Location: Wheat, Sorghum and Forage ResearchTitle: Dichotomous Role of Jasmonic Acid in Modulating Sorghum Defense Against Aphids
|GROVER, SAJJAN - University Of Nebraska
|PURI, HEENA - University Of Nebraska
|LOUIS, JOE - University Of Nebraska
Submitted to: Molecular Plant-Microbe Interactions
Publication Type: Peer Reviewed Journal
Publication Acceptance Date: 4/7/2022
Publication Date: 9/22/2022
Citation: Grover, S., Puri, H., Xin, Z., Sattler, S.E., Louis, J. 2022. Genetic analysis of seed traits in Sorghum bicolor that affect the human gut microbiome. Molecular Plant-Microbe Interactions. 35(9):755-767. https://doi.org/10.1094/MPMI-01-22-0005-R.
Interpretive Summary: The sugarcane aphid is a major threat to U.S. sorghum production. There are several sorghum lines resistance to this pest, but the mechanisms that protect these plants are unknown. The plant defense hormone, jasmonic acid (JA) was investigated as a potential factor involved in sorghum resistance to the sugarcane aphid. JA was increased at early stages of aphid feeding and deterred aphid settling in the resistant sorghum line SC265. Monitoring of aphid feeding behavior showed that SC265 plants restricted aphid feeding from the phloem sap. However, application of additional JA to plants decreased their resistant and promoted aphid feeding and colonization on SC265 plants. JA-deficient sorghum confirmed these findings, in which lack of JA promoted aphid settling, however, it also reduced aphid feeding from the phloem sap and reduced the aphid population. The applications of JA to JA-deficient plants caused enhanced feeding and aphid proliferation. These findings underscore a previously unknown dichotomous role of JA, which may have opposing effects by deterring aphid settling upon leaves and stalks during early stages of aphid colonization and enhance aphid reproduction during later-stages on sorghum plants. Sorghum plants able to pivot JA production from high initial level at early stage of aphid infestation to lower ones at later stages may be critical for sugarcane aphid resistance.

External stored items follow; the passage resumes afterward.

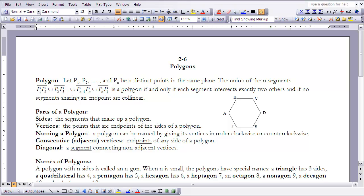This is the notes for section 2.6 polygons. If you haven't done so already, pause the video and read the section before continuing on. We want to start out with defining what a polygon is, and you'll notice that I have the formal definition here.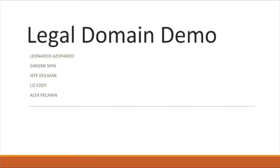Hello, my name is Jeff Keilman and I am part of the legal domain team. Other members of our team include Leo Azopardo, Sangmi Shin, Liz Eddy, and Alex Vikanen.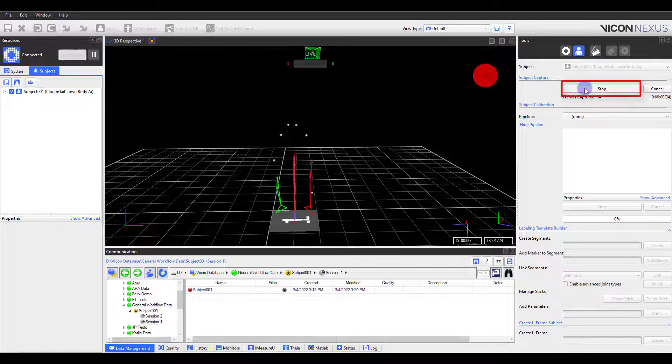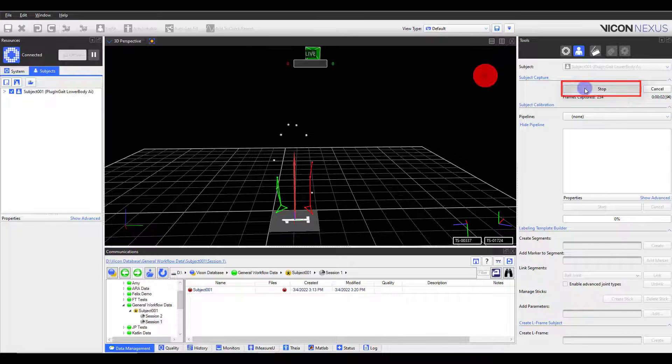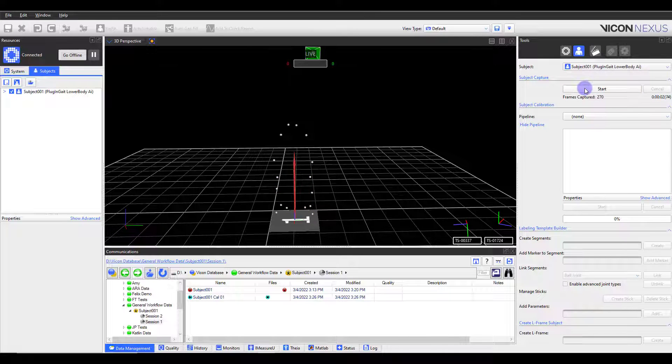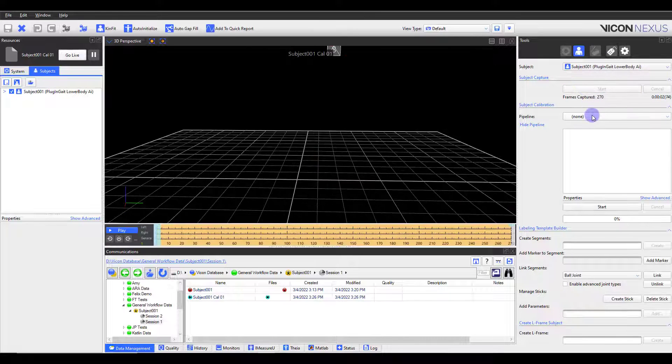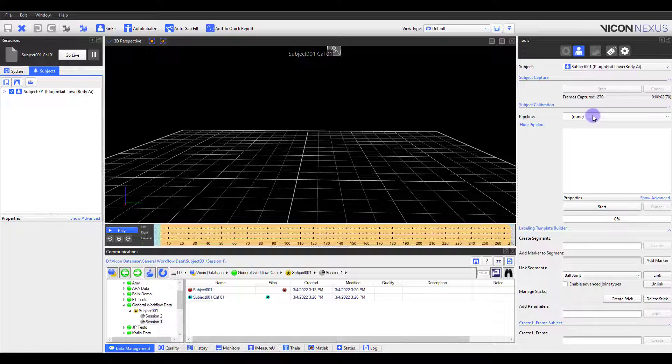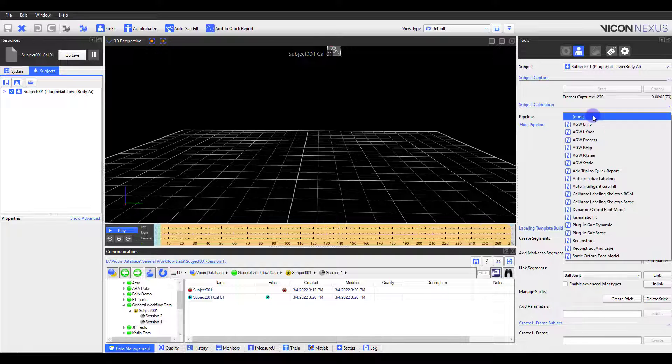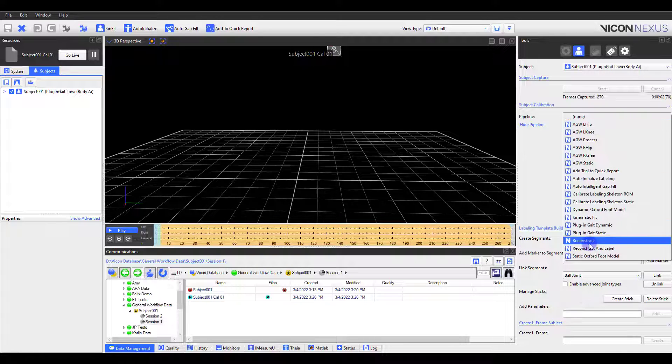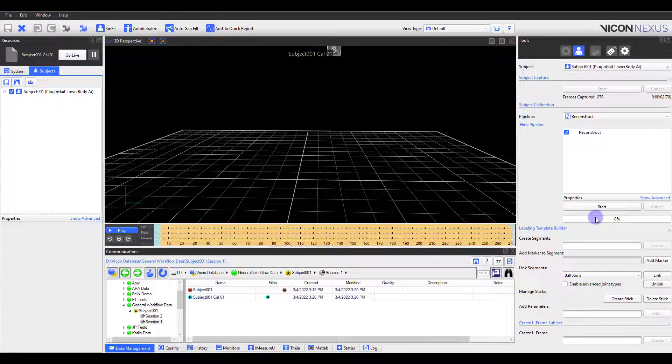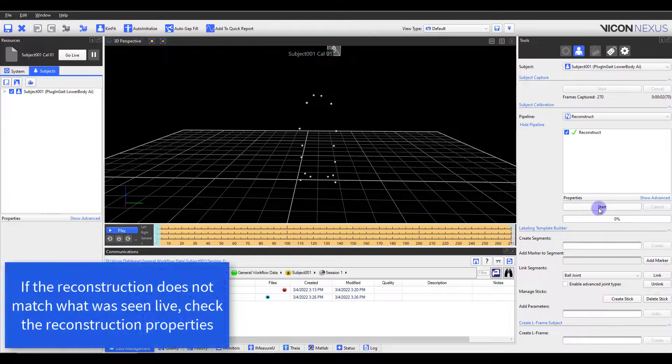I'll click Start, collect a few frames, then click Stop. The trial will be named Cal01 and will automatically open. Since Nexus only records raw camera data, I will not see any markers initially, so I will need to run the reconstruct pipeline.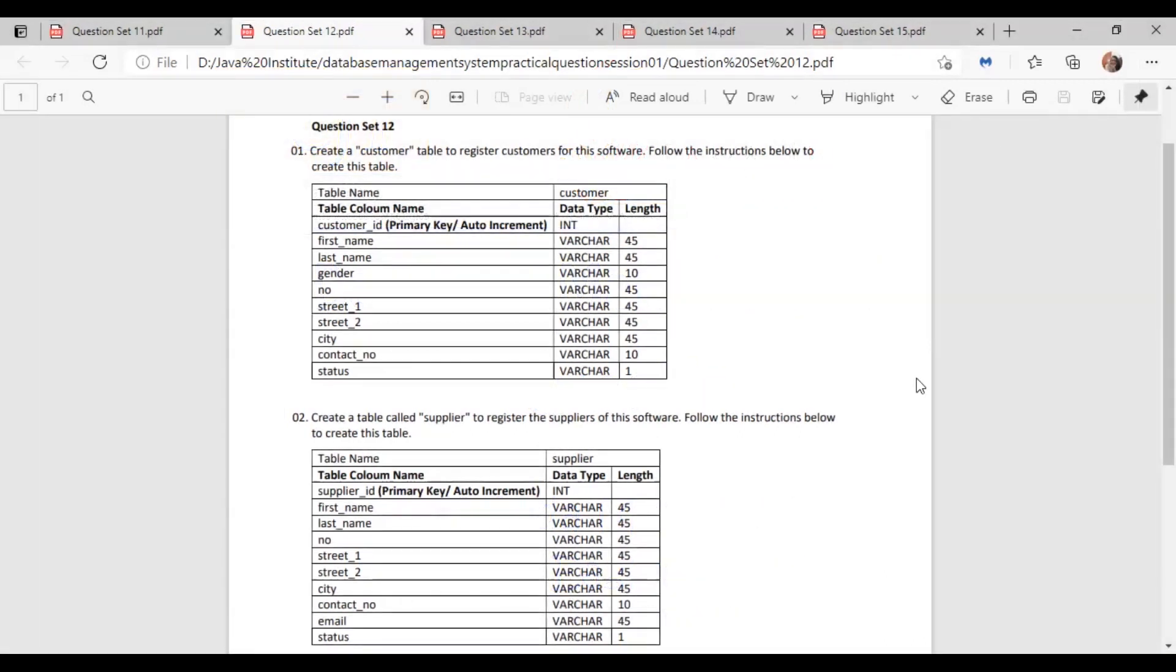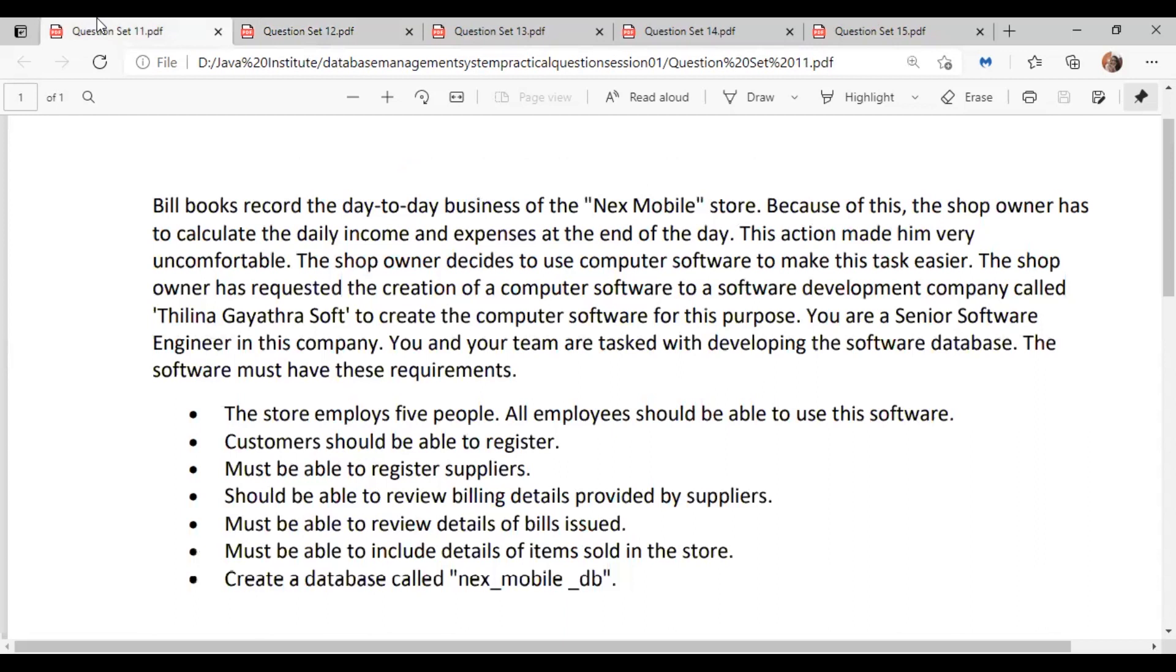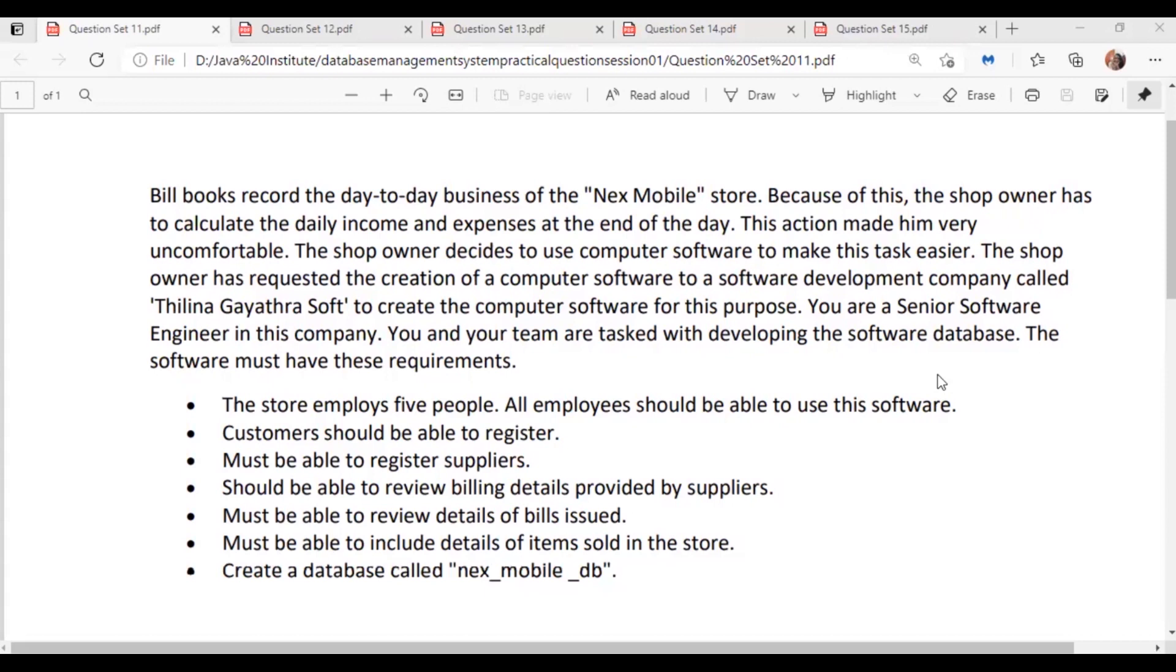Hello guys, welcome to question 12 of our database management systems. We have a continuous question from question 11 to question 15. The question is: Bill books record the day-to-day business of the Nex Mobile store. Because of this, the shop owner has to calculate the daily income and expenses at the end of the day.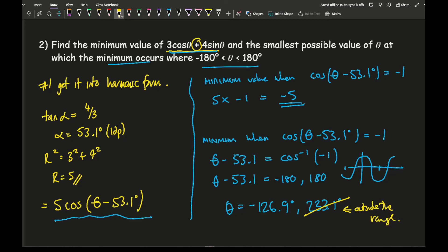It's worth writing out 233.1° as well, but emphasise that −126.9° is the only valid answer. Whether you cross it out or write it on a separate line, make sure your answers are highlighted in some form so it's easy for the person marking your work.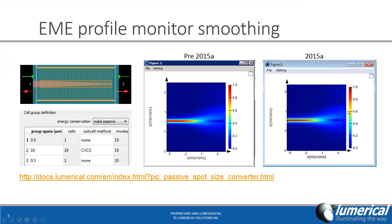Some of the other features for this upgrade include EME profile monitor smoothing. In the previous version, when you have a continuously varying geometry like this spot-size converter, even when you use the continuously varying sub-cell method, the profile monitor will still show a very discontinuous field. In the new version, on the right side here, you'll find that the profiles are much smoother. You can find this example on the link at the bottom.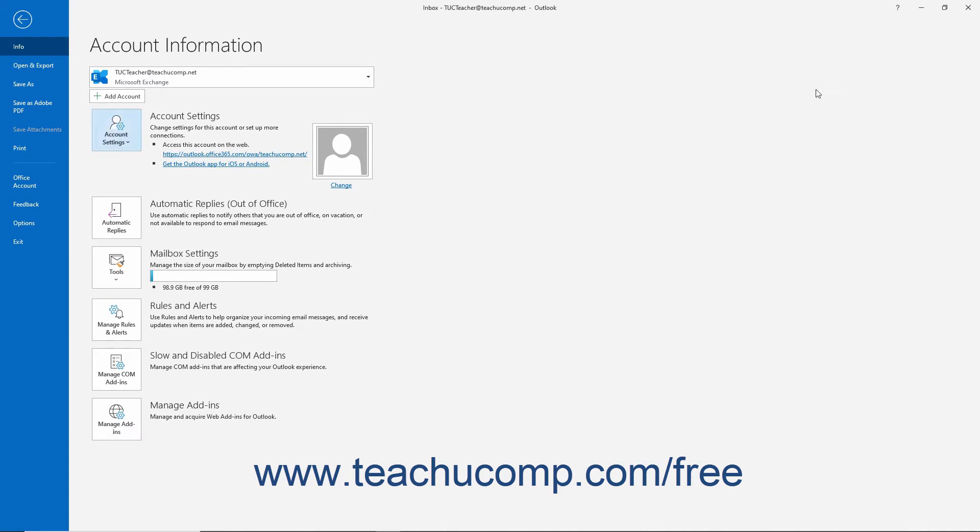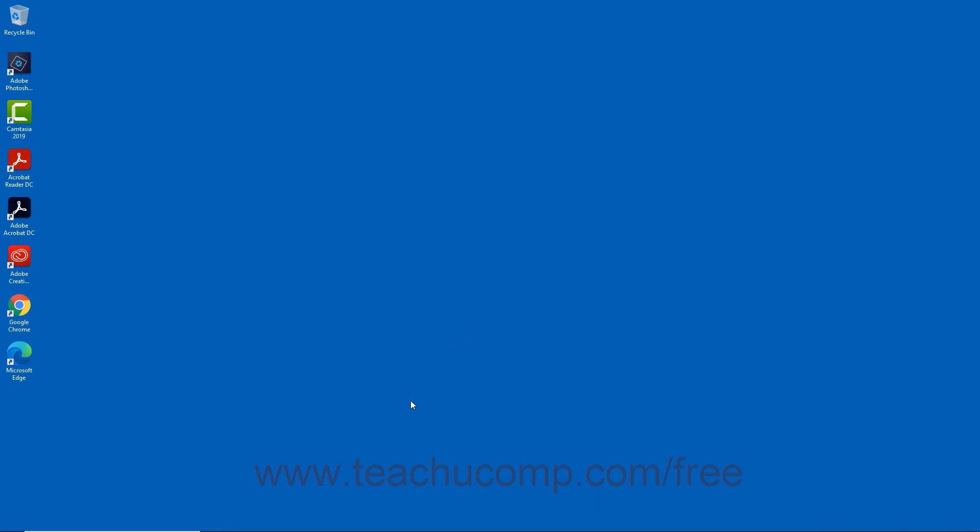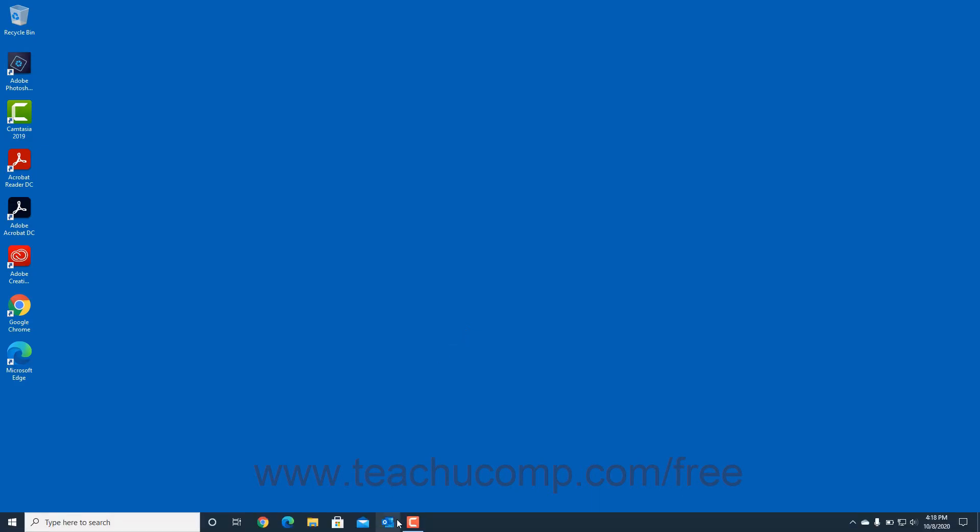Then restart Outlook to ensure the change to the delegate's status immediately takes effect.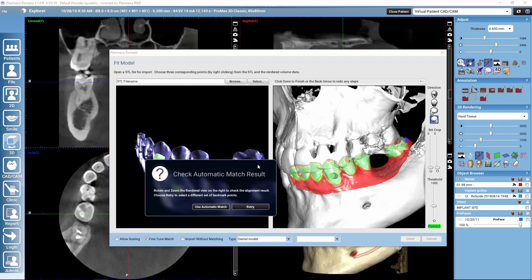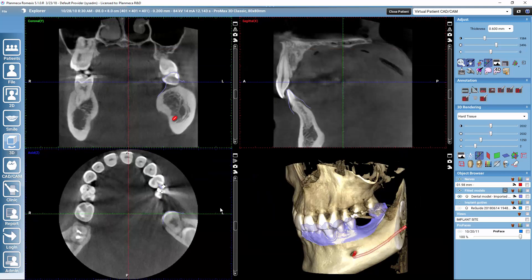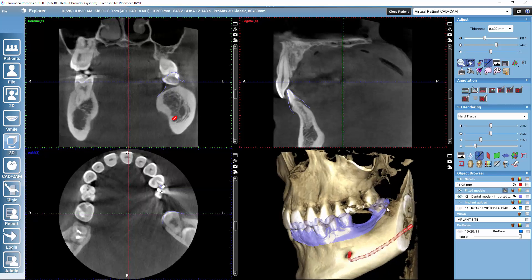If I'm happy with the three points I can select use automatic match. Normally speaking, giving three points is well enough for the matching. It is only in fully edentulous cases or in cases with a lot of artifacts that we might need to give more points. I always recommend trying first with three points, and normally you don't need to adjust the threshold for the CBCT. Just try with three points, make sure fine-tune match is checked, and then the automatic match should come out quite good. When I select use automatic match, Romexis shows the intraoral scan mapped to the CBCT.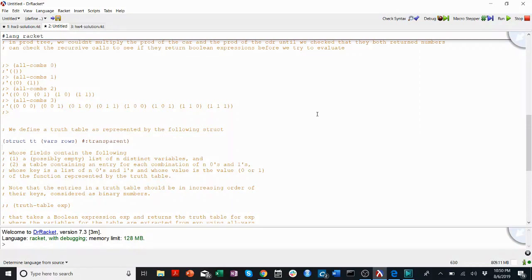Welcome back to CS201 Walkthroughs. My name is Luke Hosh, and today we're going to be talking about truth tables.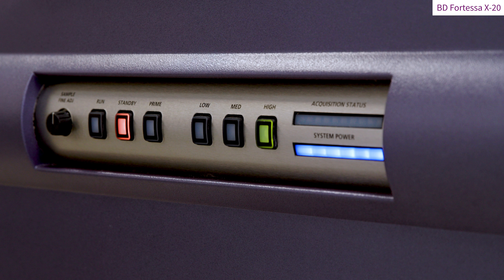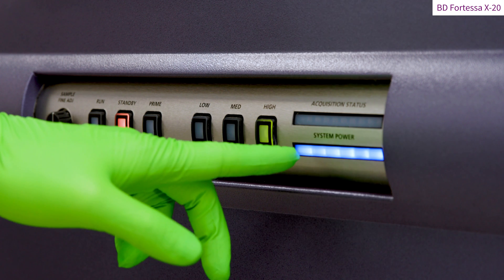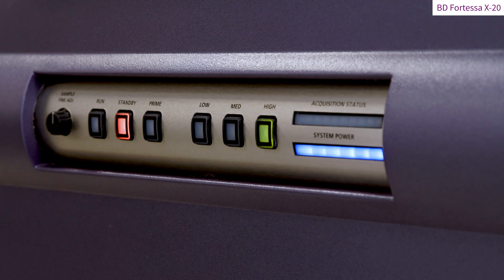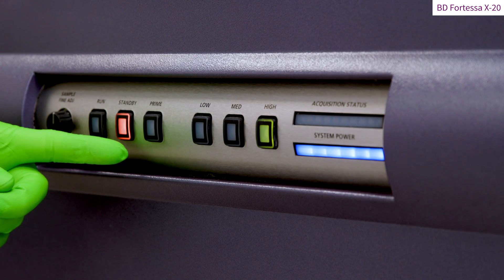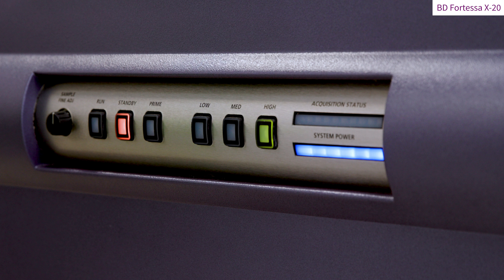The control panel is located at the Fortessa front. The blue light in the power system window indicates that the Fortessa is on. By default, the Fortessa will be set on standby mode after being switched on.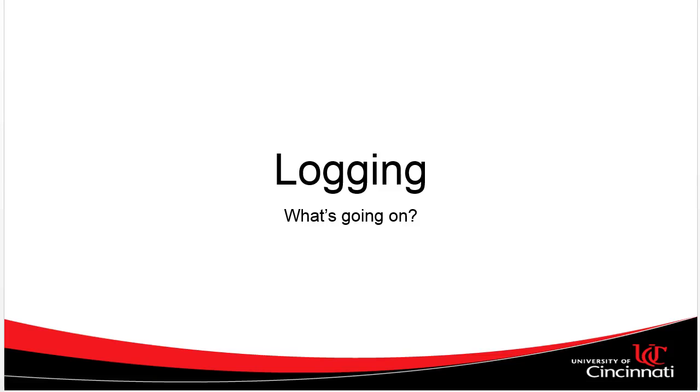In this video, we're going to talk about logging, log4j, and how to set up log4j with Maven in an Eclipse dynamic web project.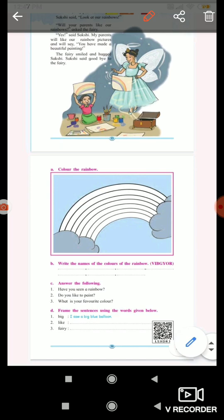Answer the following: Have you seen a rainbow? Do you like to paint? What is your favorite color? Frame sentences using the words given below: big, like, fairy.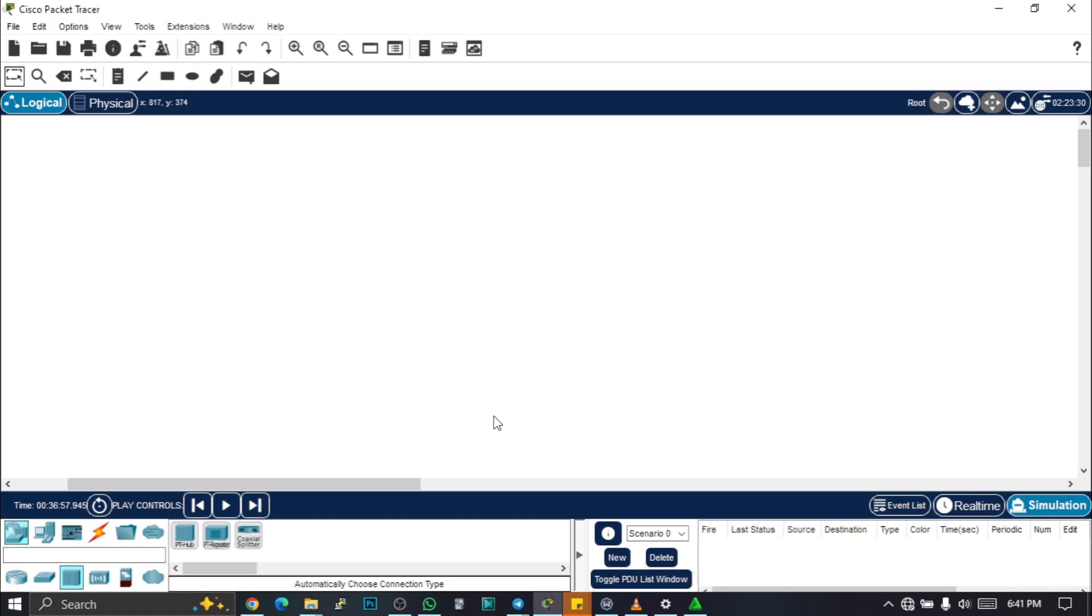Hello viewers, welcome back to my YouTube channel. In today's video, we will continue with this series of Cisco Packet Tracer. Today, we'll be talking about hubs. Let's see how we can connect a hub and different devices together.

Technical Abstract: The precursors and derivatives of jasmonic acid (JA) contribute to plant protective immunity to insect attack. However, the role of JA in sorghum (Sorghum bicolor) defense against sugarcane aphid (SCA; Melanaphis sacchari Zehntner), which is considered a major threat to sorghum production, remains elusive. Here, we provide several lines of evidence that JA has an unexpected dichotomous role in modulating sorghum defense against SCA. Sorghum SC265, previously identified as a SCA resistant genotype among the sorghum nested association mapping founder lines, transiently increased JA at early stages of aphid feeding and deterred aphid settling. Monitoring of aphid feeding behavior using electropenetrography, a technique to unveil feeding process of piercing-sucking insects, revealed that SC265 plants restricted SCA feeding from the phloem sap. However, exogenous application of JA attenuated the resistant phenotype and promoted improved aphid feeding and colonization on SC265 plants. This was further confirmed with sorghum JA-deficient plants, in which JA deficiency promoted aphid settling, however, it also reduced aphid feeding from the phloem sap and curtailed SCA population. Exogenous application of JA caused enhanced feeding and aphid proliferation on JA-deficient plants, suggesting that JA promotes aphid growth and development. Furthermore, our results suggest that JA depletion-mediated SCA resistance is disengaged with JA’s antagonistic effect on salicylic acid pathway. Thus, our findings underscore a previously unknown dichotomous role of JA, which may have opposing effects by deterring aphid settling during early stage and enhancing aphid’s proliferative capacity during later-stages of aphid colonization on sorghum plants.